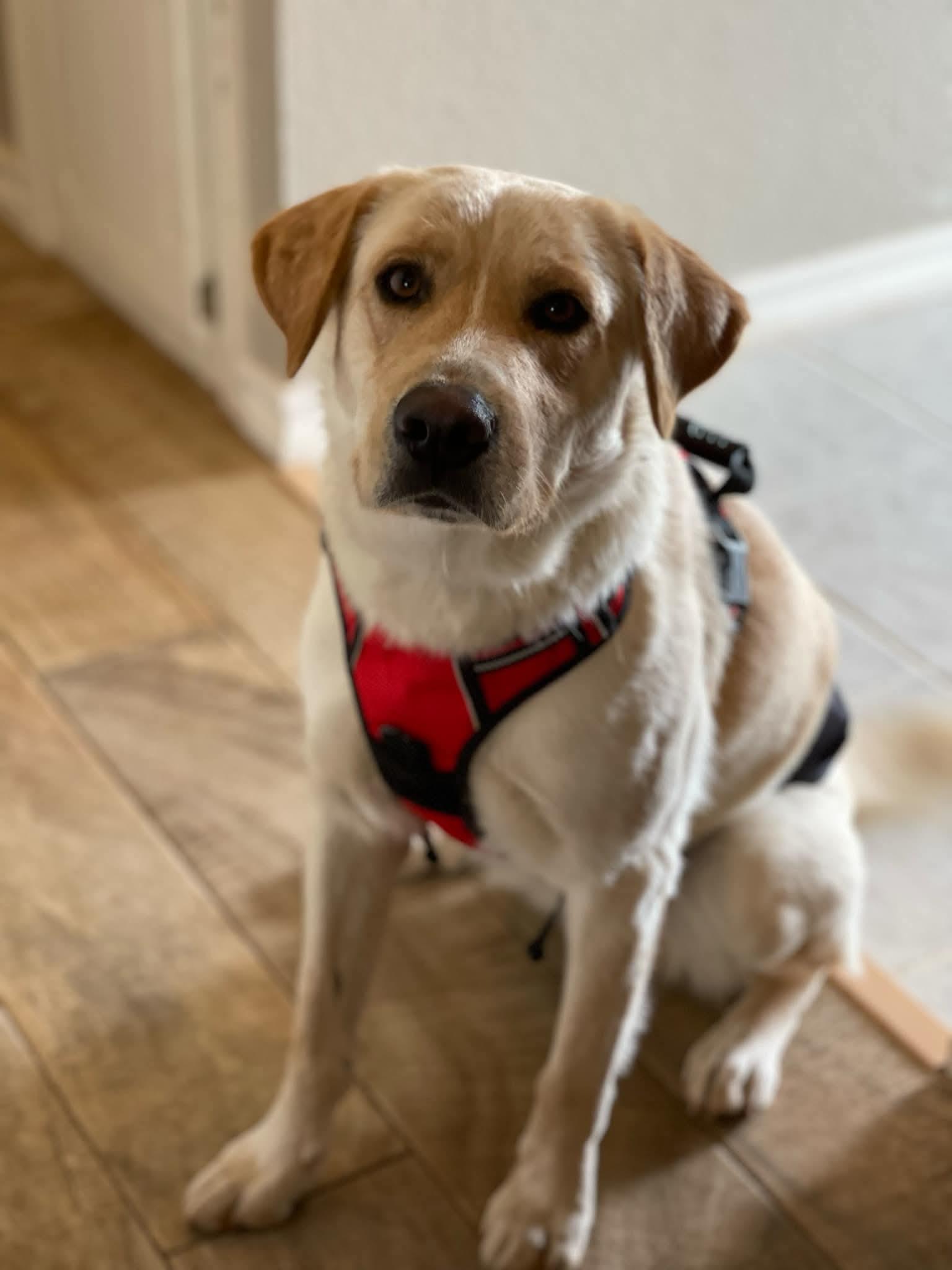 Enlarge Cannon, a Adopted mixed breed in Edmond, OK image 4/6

+++

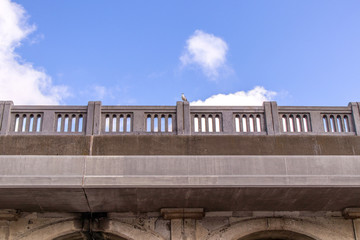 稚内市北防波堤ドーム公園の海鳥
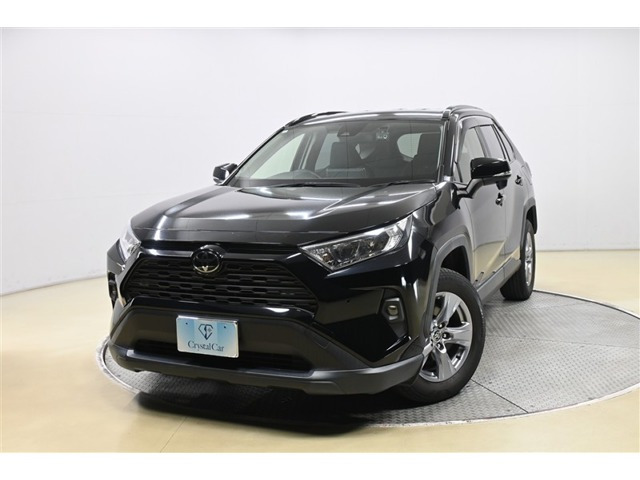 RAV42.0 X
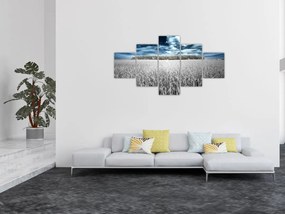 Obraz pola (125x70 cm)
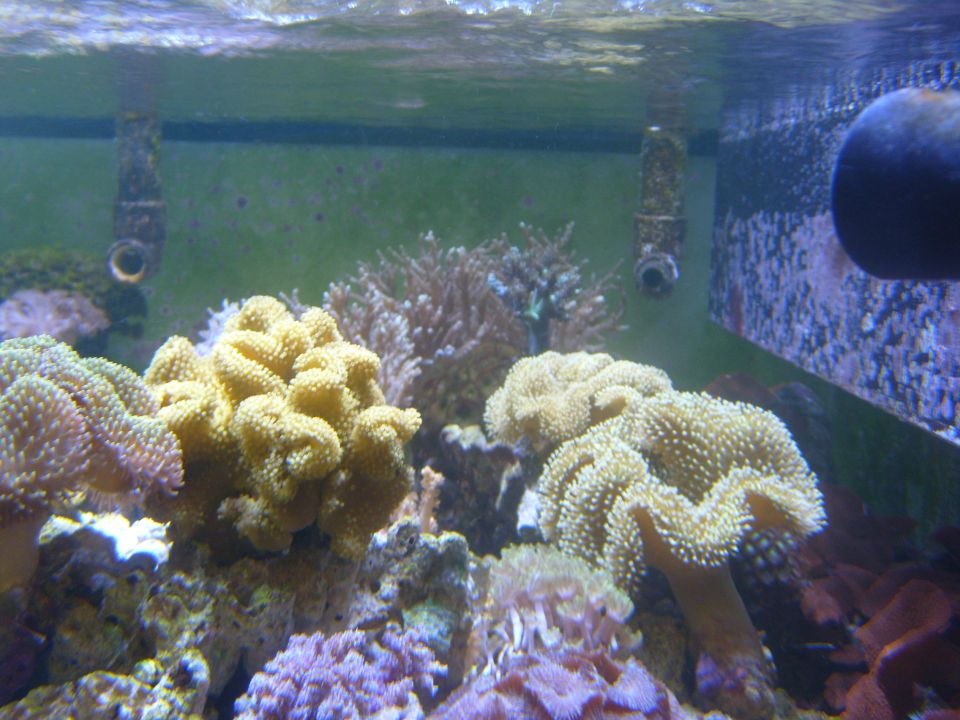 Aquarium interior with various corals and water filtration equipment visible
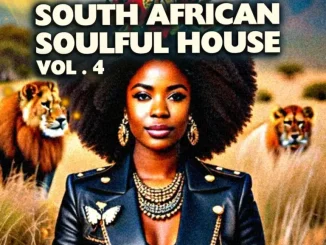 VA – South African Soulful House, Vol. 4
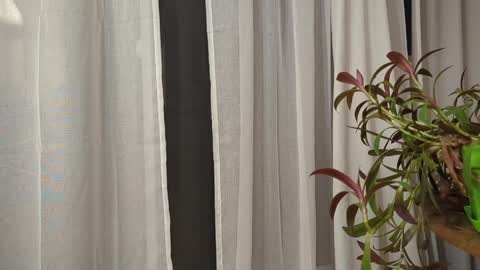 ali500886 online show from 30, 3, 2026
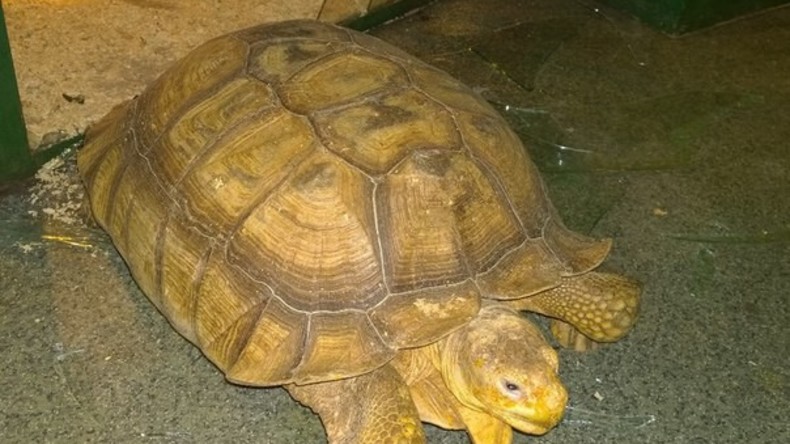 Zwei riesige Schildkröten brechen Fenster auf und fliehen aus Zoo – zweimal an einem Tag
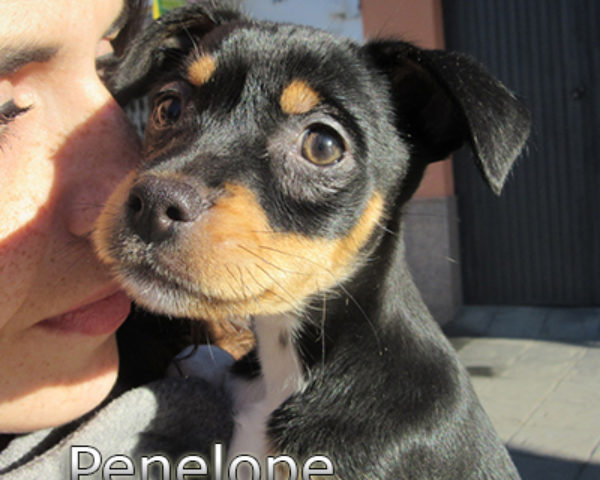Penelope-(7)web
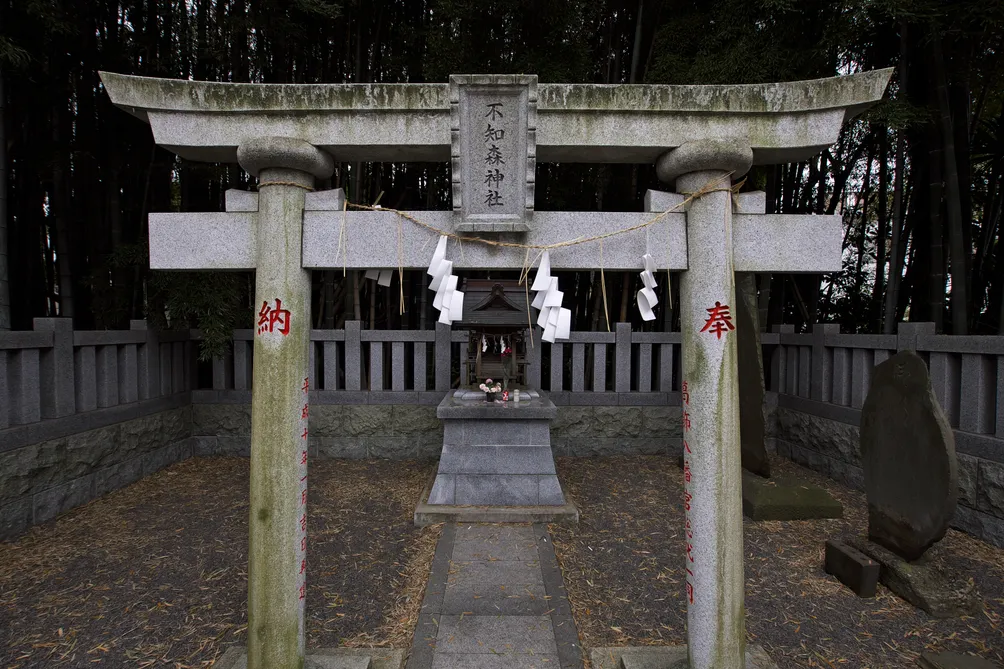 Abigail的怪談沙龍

+++

Output exactly, and only, the lines of the entries above from the one with "Zwei riesige Schildkröten" up to and including the one with "Abigail的怪談沙龍"; pictures are to be left out.

Output for this exercise:
 Zwei riesige Schildkröten brechen Fenster auf und fliehen aus Zoo – zweimal an einem Tag
Penelope-(7)web
 Abigail的怪談沙龍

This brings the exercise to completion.